> [Problem to work on] Leaving the pictures aside, repeat every line below exactly.

(Items from a data source)
+++

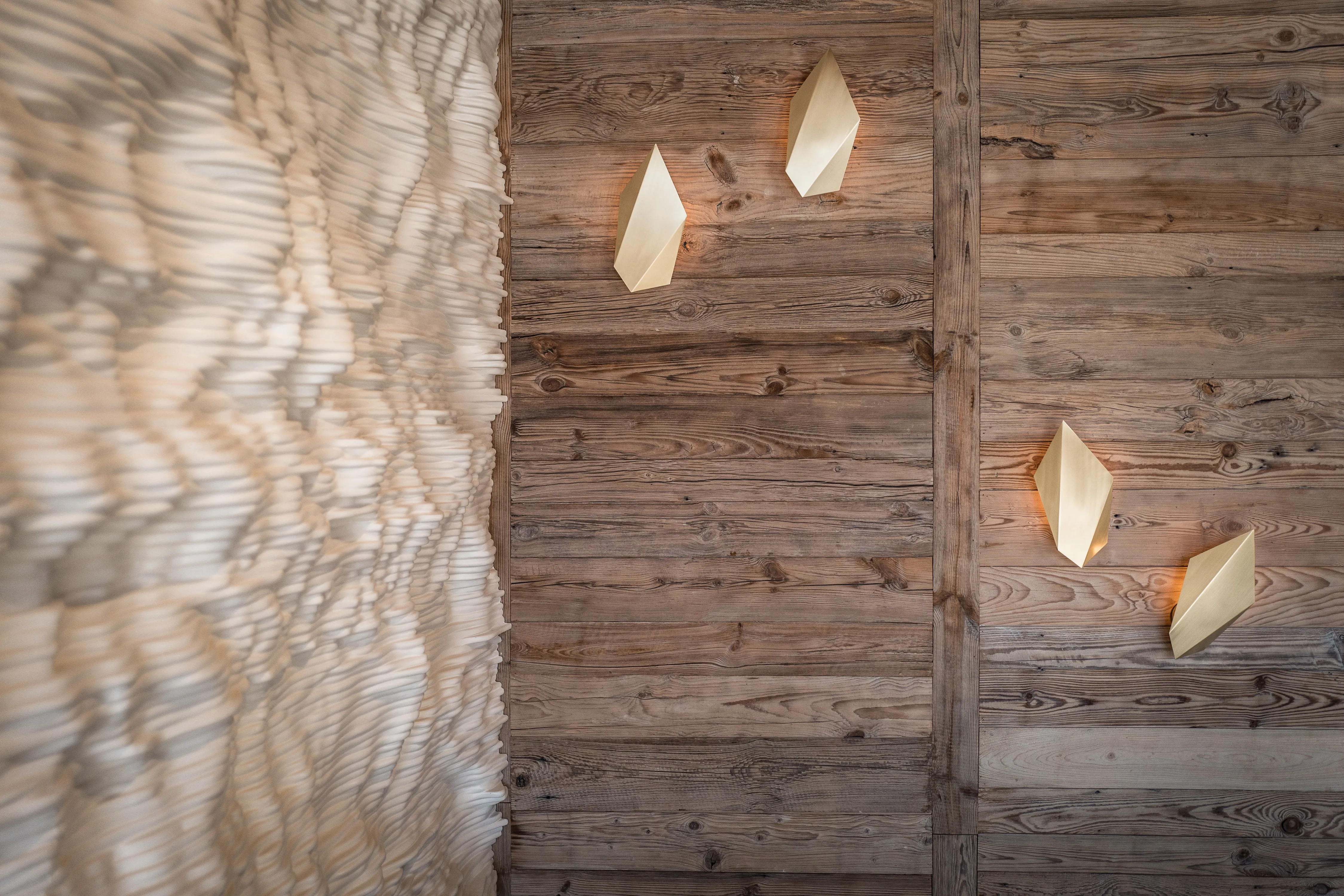 Abstract Wall Sconce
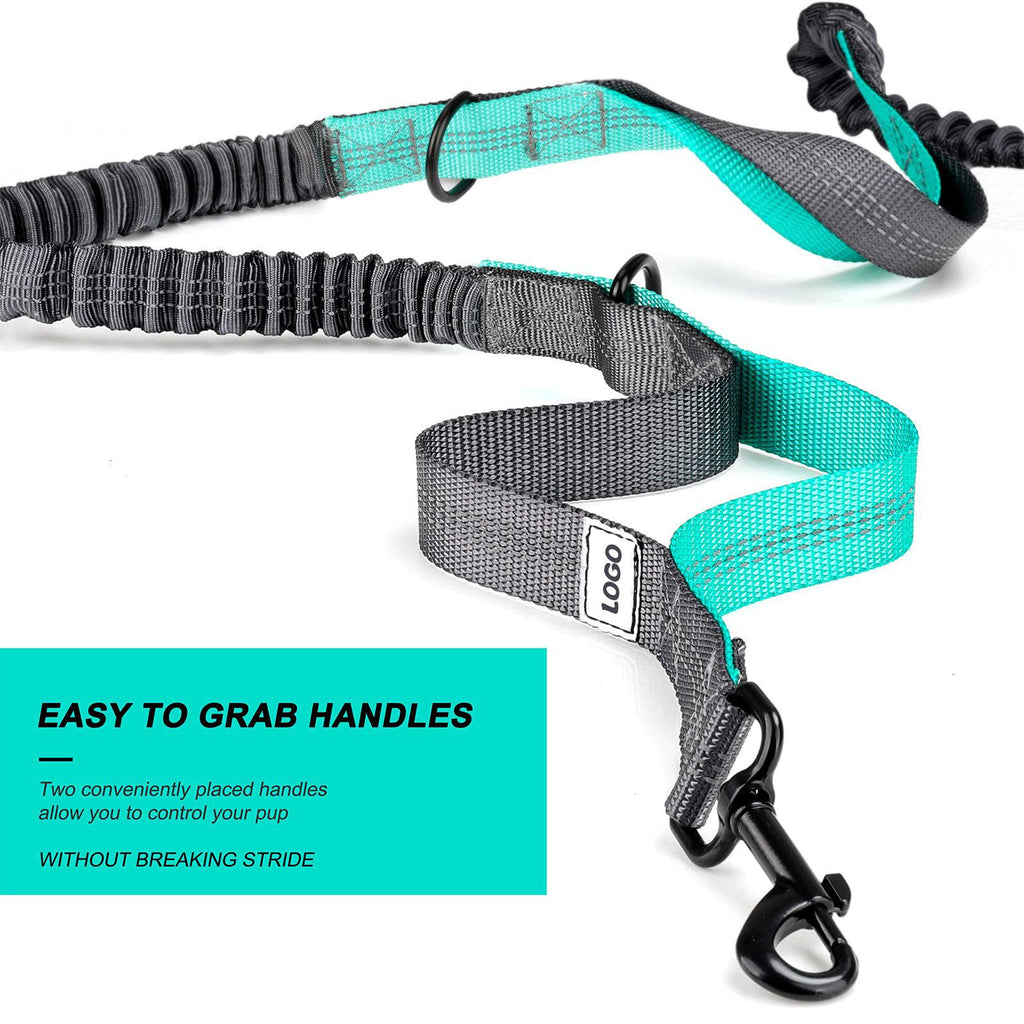 Hands-Free Dog Running Leash & Belt – Grey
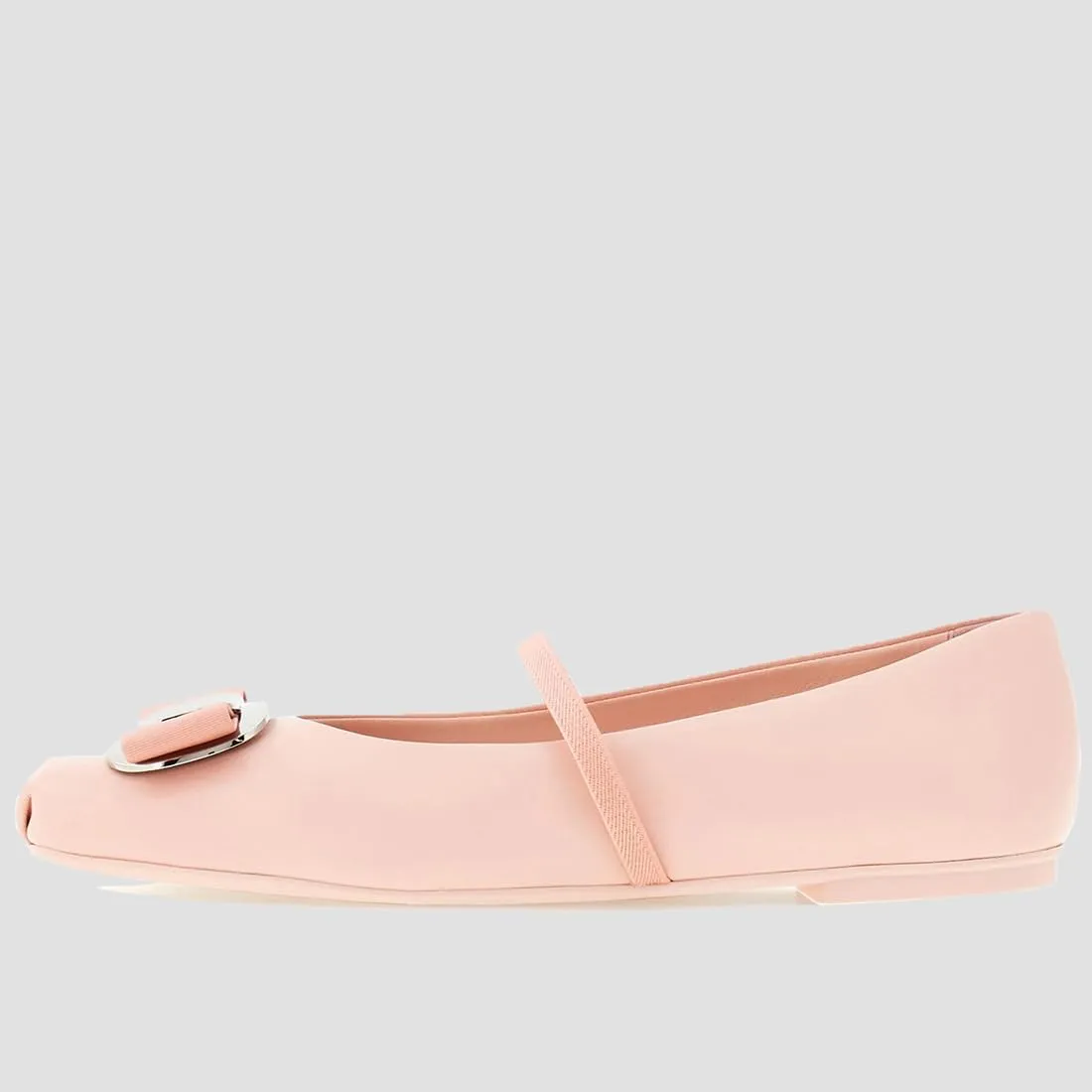Divanne Ballet Flats for Women, Bowtie Mary Jane Flats Square Toe Ballerina Shoes with Strap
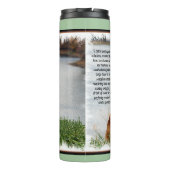 Onwankelbare trouw Inspirerend Thermosbeker (Achterkant)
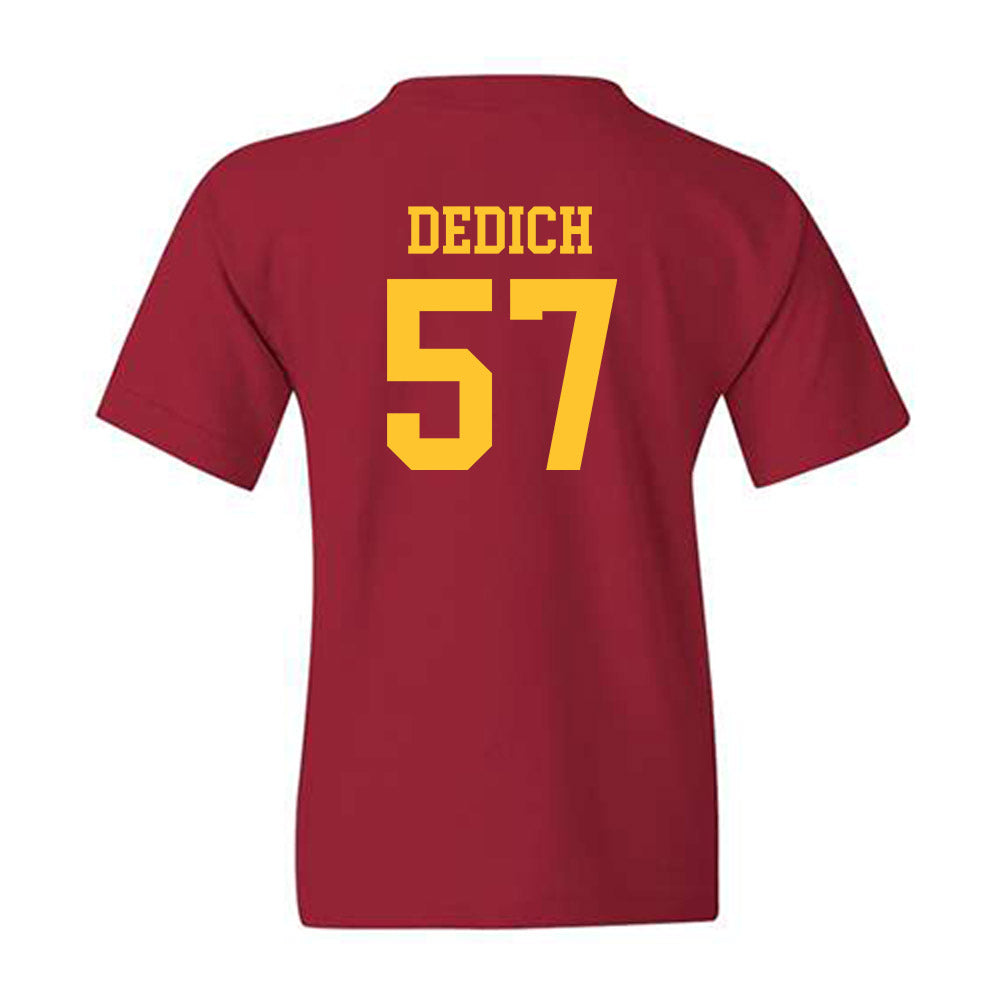 USC - NCAA Football : Justin Dedich - Classic Shersey Youth T-Shirt-1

+++

> [Output]
 Abstract Wall Sconce
 Hands-Free Dog Running Leash & Belt – Grey
Divanne Ballet Flats for Women, Bowtie Mary Jane Flats Square Toe Ballerina Shoes with Strap
 Onwankelbare trouw Inspirerend Thermosbeker (Achterkant)
 USC - NCAA Football : Justin Dedich - Classic Shersey Youth T-Shirt-1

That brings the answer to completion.